Publication: Anthropologie et Societés

Publication Date: 01-SEP-06

Author: Corrion, Nadège ; Marcoux, Jean-Sébastien

Le sensorium à la carte

Cet article propose une brève incursion dans l'économie expérientielle. Il explore la marchandisation du toucher au sein du capitalisme sensoriel avancé par le biais du massage. L'article examine en quoi le champ culturel des expériences sensorielles et sensuelles qui se développent sur le marché du massage contribue à l'élargissement du sensorium. En cela, il nous précipite au coeur d'une réflexion sur la culture sensible, si ce n'est sur l'objectification du toucher.

Le sensorium à la carte

Cet article propose une brève incursion dans l'économie expérientielle. Il explore la marchandisation du toucher au sein du capitalisme sensoriel avancé par le biais du massage. L'article examine en quoi le champ culturel des expériences sensorielles et sensuelles qui se développent sur le marché du massage contribue à l'élargissement du sensorium. En cela, il nous précipite au coeur d'une réflexion sur la culture sensible, si ce n'est sur l'objectification du toucher.

Mots clés : Corrion, Marcoux, massage, toucher, objectification, sensorium, capitalisme sensoriel

Introduction

Michelle commence toujours par me demander comment ça va dans mon corps. Comme ça, elle peut savoir oø elle doit se concentrer. D'habitude, c'est mon dos ... Quand elle me masse, elle me fait de l'aromathérapie. Il y a toujours un contact entre elle et moi et elle a une bonne énergie. (Amélie, cliente)

L'analyse ethnographique du massage permet d'examiner sous un nouvel angle le capitalisme sensoriel, tel que l'explore David Howes dans son article > (2005).
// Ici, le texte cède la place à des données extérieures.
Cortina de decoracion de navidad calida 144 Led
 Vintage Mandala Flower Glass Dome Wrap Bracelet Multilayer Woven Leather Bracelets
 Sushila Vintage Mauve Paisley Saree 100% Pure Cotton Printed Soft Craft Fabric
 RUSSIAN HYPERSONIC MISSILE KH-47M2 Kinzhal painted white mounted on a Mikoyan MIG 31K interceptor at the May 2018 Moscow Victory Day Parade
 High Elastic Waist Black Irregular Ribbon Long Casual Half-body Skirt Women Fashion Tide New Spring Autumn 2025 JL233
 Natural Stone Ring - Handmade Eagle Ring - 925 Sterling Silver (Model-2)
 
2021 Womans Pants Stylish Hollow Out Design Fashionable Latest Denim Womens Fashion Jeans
Pour Howes, l'économie expérientielle qui se développe au cours du vingtième siècle au sein des sociétés capitalistes résulte des efforts des spécialistes du marketing qui déploient des moyens techniques et scientifiques complexes. Selon les ténors du marketing que sont Philip Kotler (1973), Elizabeth Hirschman et Mords Holbrook (1982) ou encore Joseph Pine II et James Gilmore (1998), les sens deviennent ainsi des outils qu'il est possible d'utiliser pour stimuler des ventes. Howes démontre toutefois que, contrairement à ce que postulent ces chantres du capitalisme avancé, les consommateurs font plus que simplement réagir aux stimulations sensorielles d'une économie saturée : ils investissent de significations l'univers sensoriel qui prend forme autour de la marchandise, si ce n'est à travers celle-ci, et utilisent cette sensorialité pour donner sens au monde qui les entoure.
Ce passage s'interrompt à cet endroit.